Section 3-1-3

Chapter 3
Initial Value Problems

3.1 Differential Equations and Initial Values

3.1.3 Initial Value Problems

For problems in which the independent variable is time `t`, it is often convenient to specify the initial value at $t = 0$ , but that is not required — as you just saw in Activity 4.

We have seen several times now that an initial value problem has a unique solution. This is true for most differential equations — in particular, it is true for all the differential equations we consider in this course. For reference, we record this as a statement we assume to be true.

Fundamental Assumption In this text, we assume that every initial value problem has a unique solution.

If we are looking for a formula for the solution of an initial value problem, our approach will be to

describe all solutions of the differential equation and
determine the unique one that satisfies the initial condition.

Example 3

Solve the initial value problem

\frac{d y}{d t} = 2 y with y (1) = 3

.

Solution We know from Activity 2 that the solutions of the differential equation are functions of the form

y (t) = C e^{2 t}

We want to select the constant `C` so that

y (1) = 3

.

This means that we must have

3 = y (1) = C e^{2 \times 1} = C e^{2}

or

C = 3 e^{- 2} \approx 0.40601

.

Therefore

y (t) \approx 0.40601 e^{2 t}

.

In Figure 3 we show the slope field for the differential equation

\frac{d y}{d t} = 2 y

and the particular solution for which $y (1) = 3$ .

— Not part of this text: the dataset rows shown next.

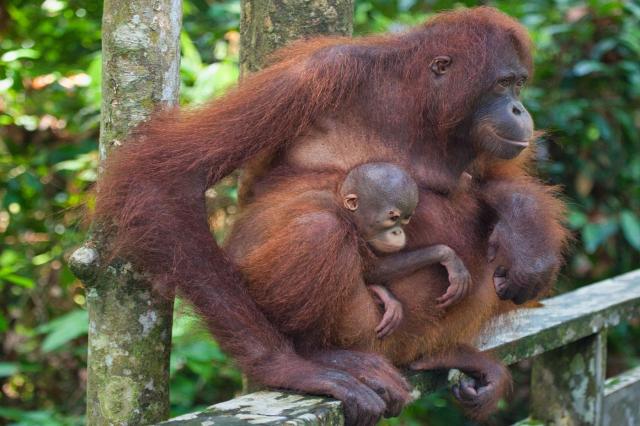 Malajzia, Borneo, Brunej - Ázijské safari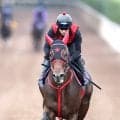 【スプリンターズＳ・土曜気配】３連勝で充実一途　フリッカージャブが中山入り　陣営「あとは馬と乗り役に任せる」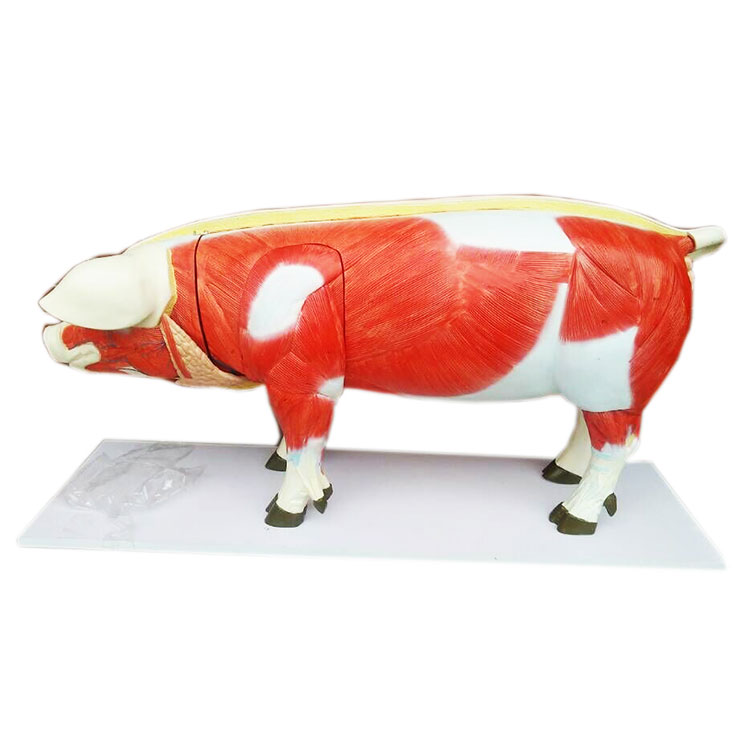 Modelo de cerdo anatómico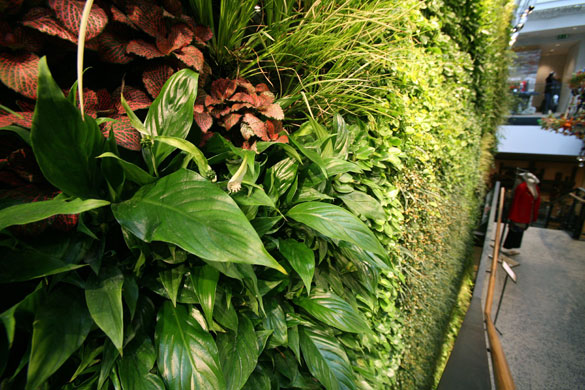 Anthropologie London: The centrepiece of the London store is a living green wall of plants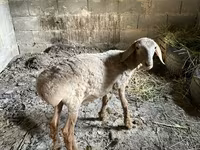 Qoyun, Katum sheep — foto 2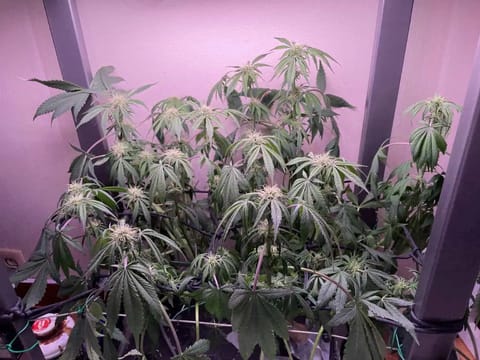 Mephisto Gasoline Dream — flower, day 24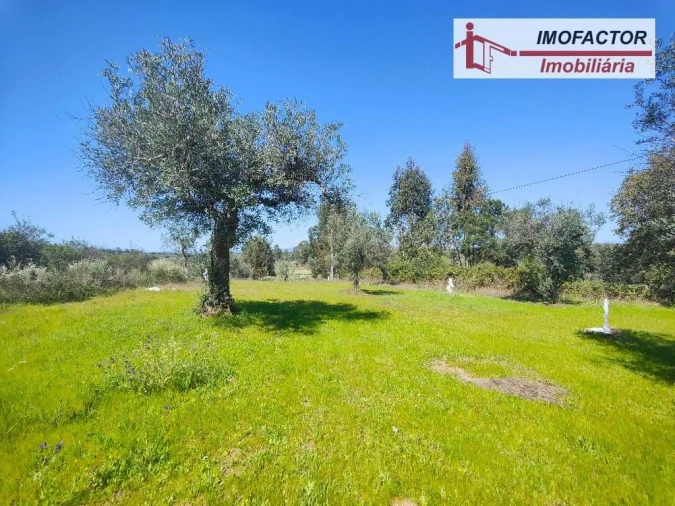 Terreno para Venda em Freixial e Juncal do Campo Foto 11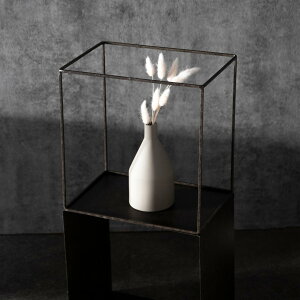 t[ WZtACAt[ XNGA 30×20×30cm i fBXvC I t[bN  ACAt[    u A ϗtA  | [I [ CeA 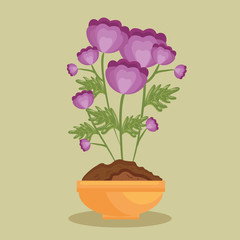 cute flower in pot icon vector illustration design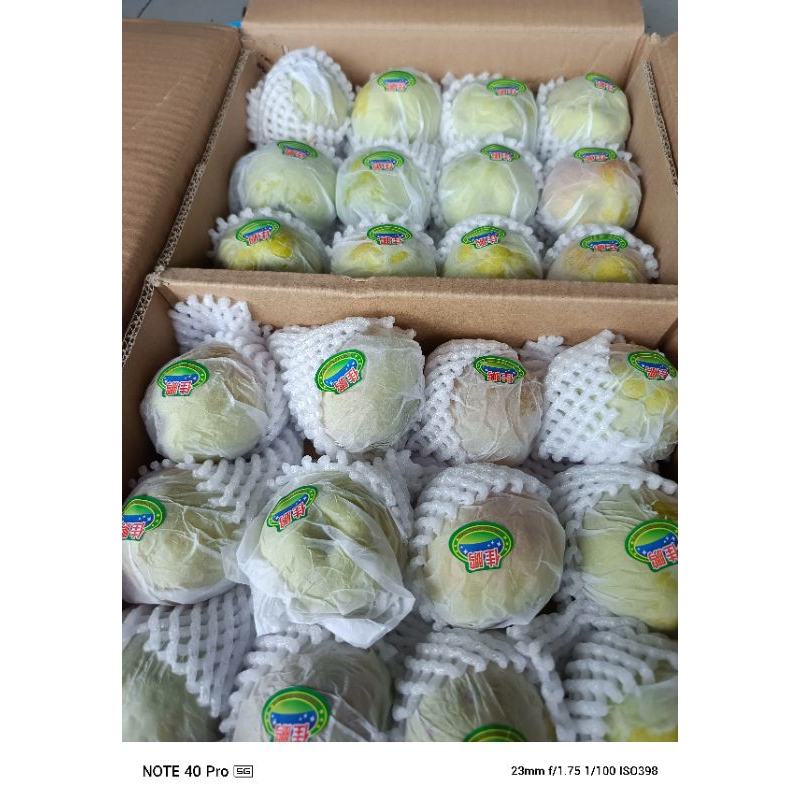 

PEAR XIANGLI JUMBO impor berat 6,5kg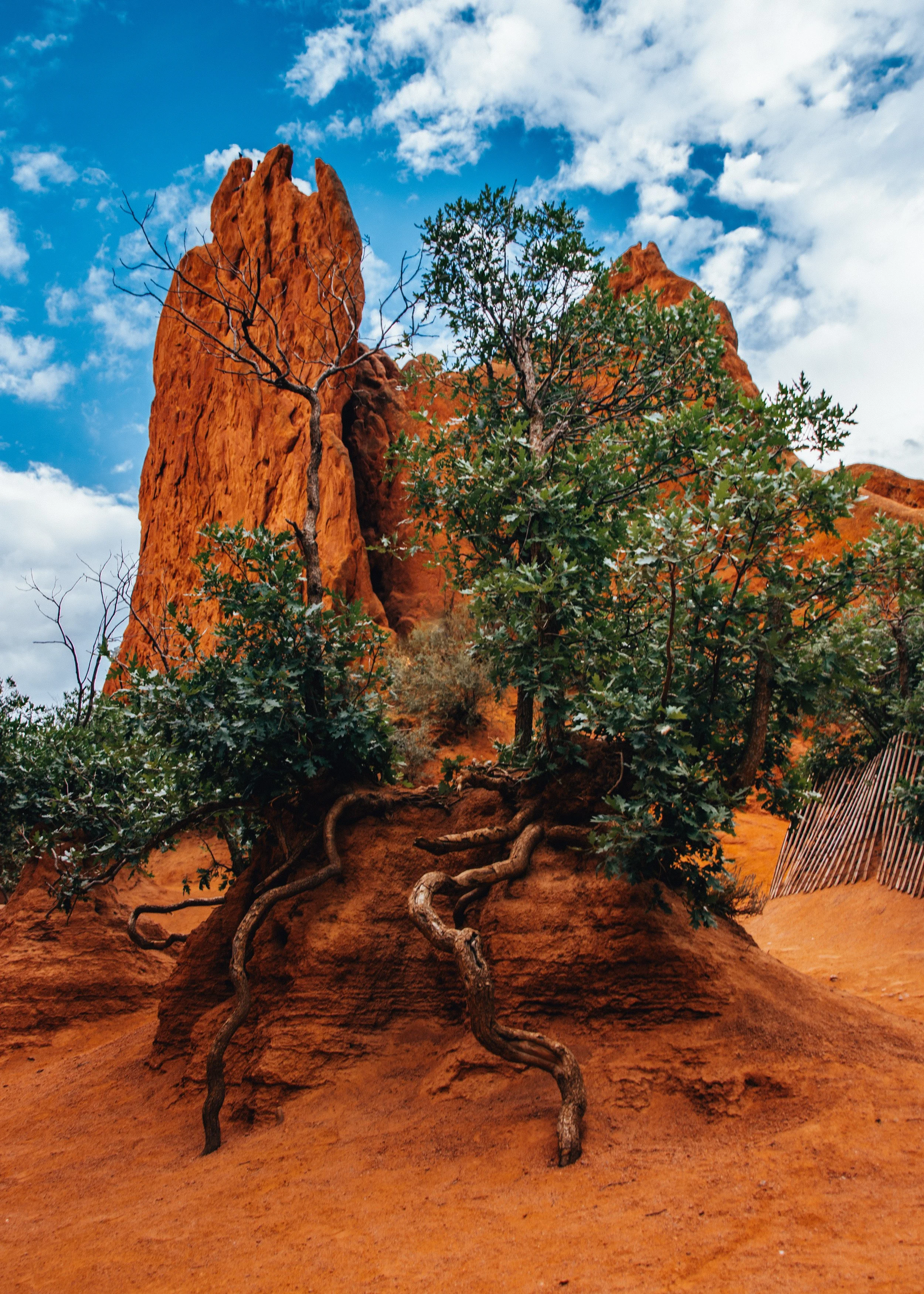 Garden of the Gods Print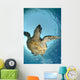One Male Hawksbill Turtle Wall Mural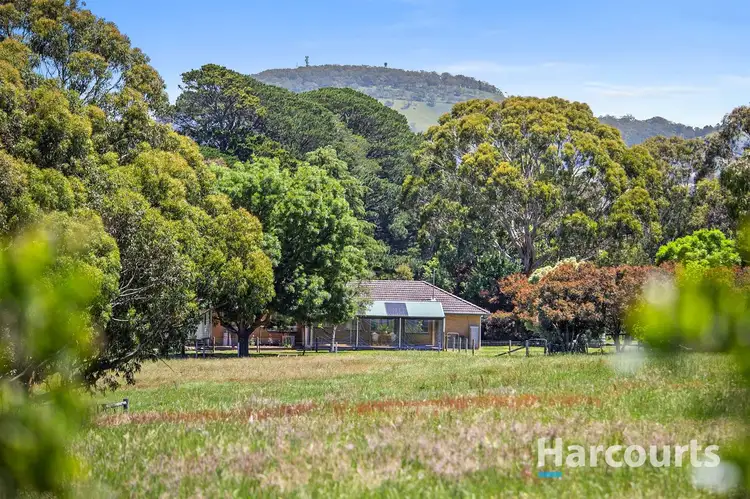 Main view of Homely house listing, 81 Yendon-Egerton Road, Yendon VIC 3352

Figure 3 Slope field and solution for

\frac{d y}{d t} = 2 y, y (1) = 3

Example 4

Solve the initial value problem

\frac{d y}{d t} = 2 t with y (1) = 3

.

Solution We know from Activity 3 that the solutions of the differential equation are functions of the form

y (t) = t^{2} + C

.

In order to satisfy the condition

y (1) = 3

,

we must have

3 = 1 + C

.

So,

C = 2

.

Thus, the solution of the initial value problem is the function

y (t) = t^{2} + 2

.

In Figure 4 we show the slope field for the differential equation $\frac{d y}{d t} = 2 t$ and the particular solution for which $y (1) = 3$ .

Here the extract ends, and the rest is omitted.